Esprimere la propria opinione senza cercare sponde, alleanze, facili consensi, metterci la faccia, stimolare una riflessione che vada oltre gli umori della pancia, non è prassi comune, e spesso più che approvazione suscita sospetto. Pochi parlano di disabilità in televisione, argomento difficile da trattare. In un'Italia dove non si arriva a fine mese, siamo davvero sicuri che i milioni di normodotati vogliano sentire cosa accade a una minoranza? Siamo sicuri di voler davvero lavorare perché tutti possano avere pari opportunità e pari dignità a partire proprio da chi quotidianamente deve superare ostacoli fisici in un mondo costruito per chi può camminare, vedere, ascoltare, parlare? La mia esperienza mi dice altro.
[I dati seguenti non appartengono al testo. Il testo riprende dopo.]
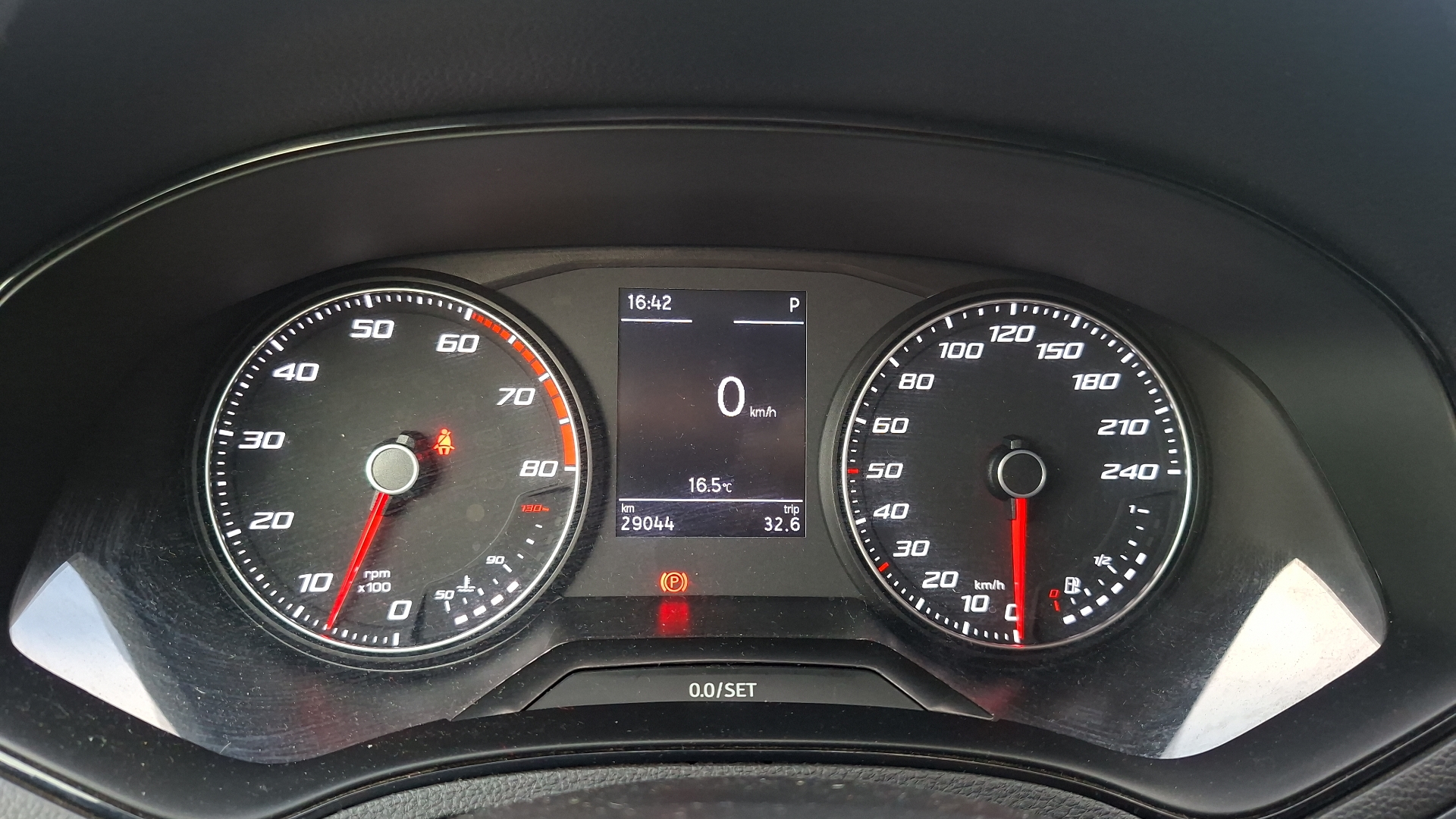 SEAT Arona — foto 9 de 15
Mi dice che se parlo di criminalità organizzata, a Casal di Principe mi si risponde: «Ma pensa ai politici di Roma, altro che camorristi». Se parlo dell'arresto della blogger cubana dissidente Yoani Sánchez, mi si risponde: «Perché non parli degli Stati Uniti, sono loro i veri criminali». Raccontare la propria esperienza di Israele, significa sentirsi dire: «Perché non parli piuttosto di Palestina? Dei bambini uccisi, della mancanza di libertà? Dei massacri?».
Sarebbe interessante far capire, una volta per tutte, che raccontare una cosa non significa nascondere l'altra, che parlare di criminalità organizzata non significa diffamare l'Italia. Che parlare di dissidenza a Cuba o di Israele non significa ignorare i conflitti politici e razziali, ma è un tentativo disperato di proporre una riflessione cercando di superare l'ottica dello scontro. È un modo per capire come la comunità internazionale può rendersi utile senza fare di quelle battaglie le proprie battaglie, in mancanza di qualcosa di simile in patria cui aggrapparsi.
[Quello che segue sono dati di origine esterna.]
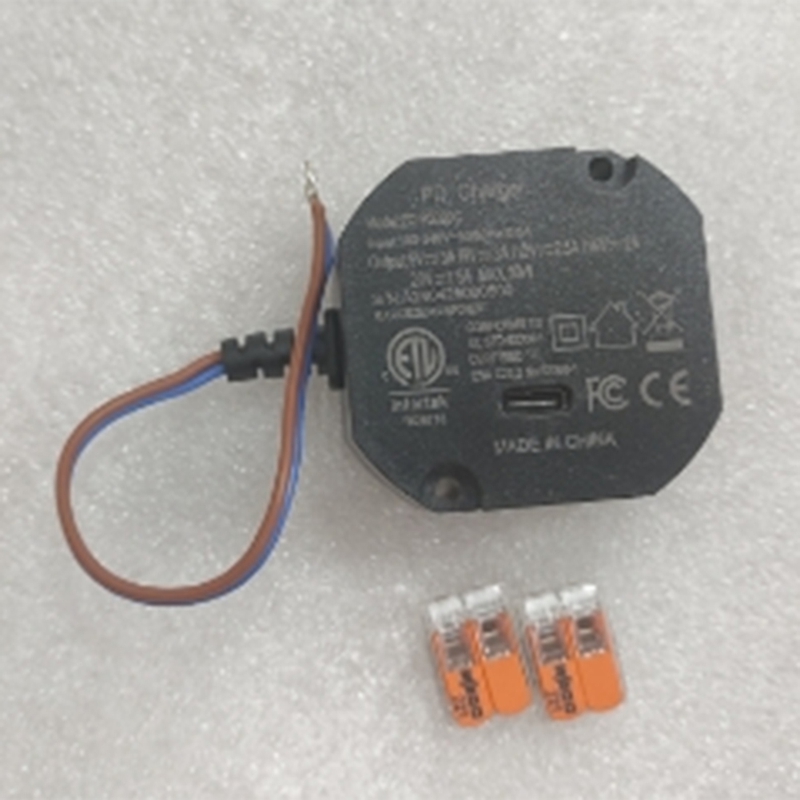 Adattatore da AC a USB-C, Alim - Tablets recensione e prezzo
SONO CRESCIUTO CON UN NONNO reduce dai campi di concentramento tedeschi. Mi raccontava molte storie, che sarebbero diventate la mia vita, la mia passione, il mio lavoro. Con mio nonno non si parlava di conflitti, ma di vita, di speranza, di rinascita, di pace. A ottobre del 2010 ricevo un invito. A Roma ci sarà una maratona oratoria per raccontare Israele e mi viene chiesto un contributo video. Chi mi è vicino mi consiglia di non intervenire: parlare di Israele è difficile, in Italia è essere pro o contro. È tifo. Non si ragiona.
Per chi è pro Israele avrei dovuto dire che la Palestina è il male assoluto, per chi è pro Palestina che Israele è un paese criminale. Chi mi conosce sa che per anni ho studiato Ghassan Kanafani, scrittore palestinese autore del capolavoro "Ritorno a Haifa", e che avrei tentato, nel poco tempo a disposizione, una riflessione diversa.
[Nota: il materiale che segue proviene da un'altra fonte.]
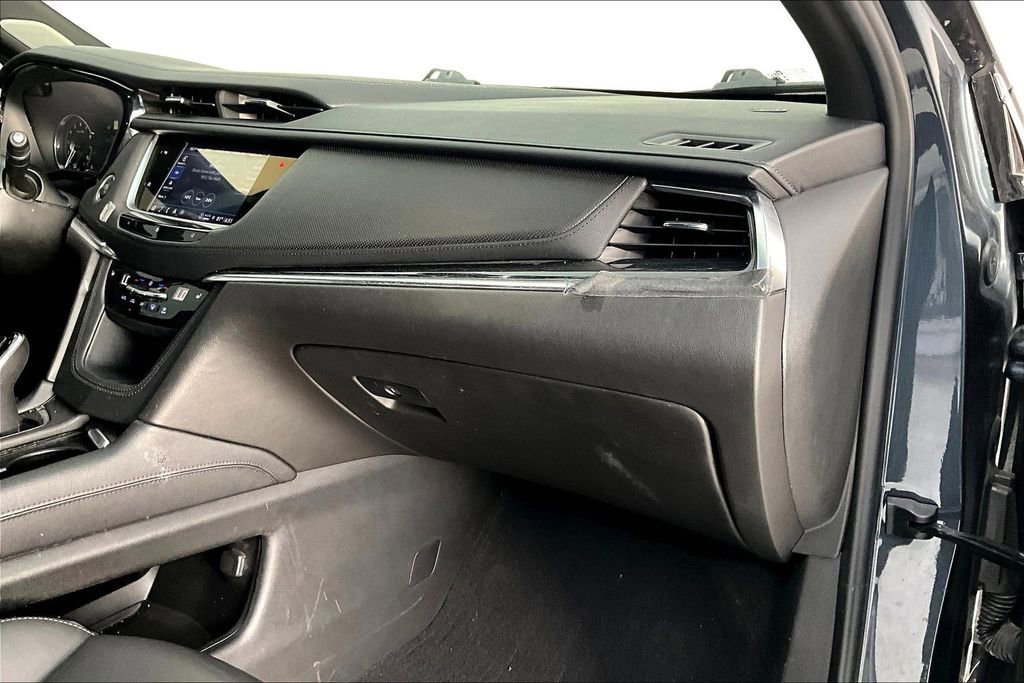 Used 2021 Cadillac XT5 Premium Luxury image 21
VOLEVO DARE il mio contributo e nonostante ora alcuni mi definiscano «sionista ed ebreo» dando alla parola ebreo un'accezione negativa in linea con il più classico antisemitismo, resto convinto che avviare una riflessione serena sia importante. «Il mio ricordo di Israele è fatto soprattutto di immagini, immagini che non vogliono essere soltanto quelle della guerra», così iniziavo il mio intervento al fianco di Rita Levi Montalcini, Furio Colombo, Umberto Veronesi, Lucio Dalla e il cantante degli Almamegretta Raiz. Ognuno ha partecipato con la sua storia, con la sua testimonianza, per non lasciare quella riflessione alla peggiore destra italiana o alla più ottusa sinistra.
Nel video ridotto all'osso non ho mai appoggiato la guerra, mai appoggiato Piombo Fuso o la destra israeliana, mai Netanyahu. Ho parlato di un'altra Israele, quella a cui rivolgersi per poter arrivare alla pace. Cos'è che spaventa in questo? Che si possa sognare di raggiungere la pace in quell'area?
Al povero Vittorio Arrigoni e a quanti mi invitavano ad andare a Gaza a vedere gli orrori della guerra, risposi con un messaggio su Facebook, il 12 ottobre 2010. Sintetizzo così quella risposta. Alla domanda stai con i palestinesi o con gli israeliani, deluderò forse, ma risponderò sempre come mi ha insegnato il mio amico David Grossman: «Sto con la pace».